# Task statement
Your reply must contain exactly the lines running from the one with "Calistar Hotel 2" to the last line of the entries below, both included, and no other lines.

# Data provided
++++

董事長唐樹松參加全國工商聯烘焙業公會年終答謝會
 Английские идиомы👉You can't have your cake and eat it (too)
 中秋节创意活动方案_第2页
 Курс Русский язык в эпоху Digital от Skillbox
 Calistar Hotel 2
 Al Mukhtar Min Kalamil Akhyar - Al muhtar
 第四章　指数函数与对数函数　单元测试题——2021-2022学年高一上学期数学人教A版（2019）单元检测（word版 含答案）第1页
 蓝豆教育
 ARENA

++++

# Solution below
 Calistar Hotel 2
 Al Mukhtar Min Kalamil Akhyar - Al muhtar
 第四章　指数函数与对数函数　单元测试题——2021-2022学年高一上学期数学人教A版（2019）单元检测（word版 含答案）第1页
 蓝豆教育
 ARENA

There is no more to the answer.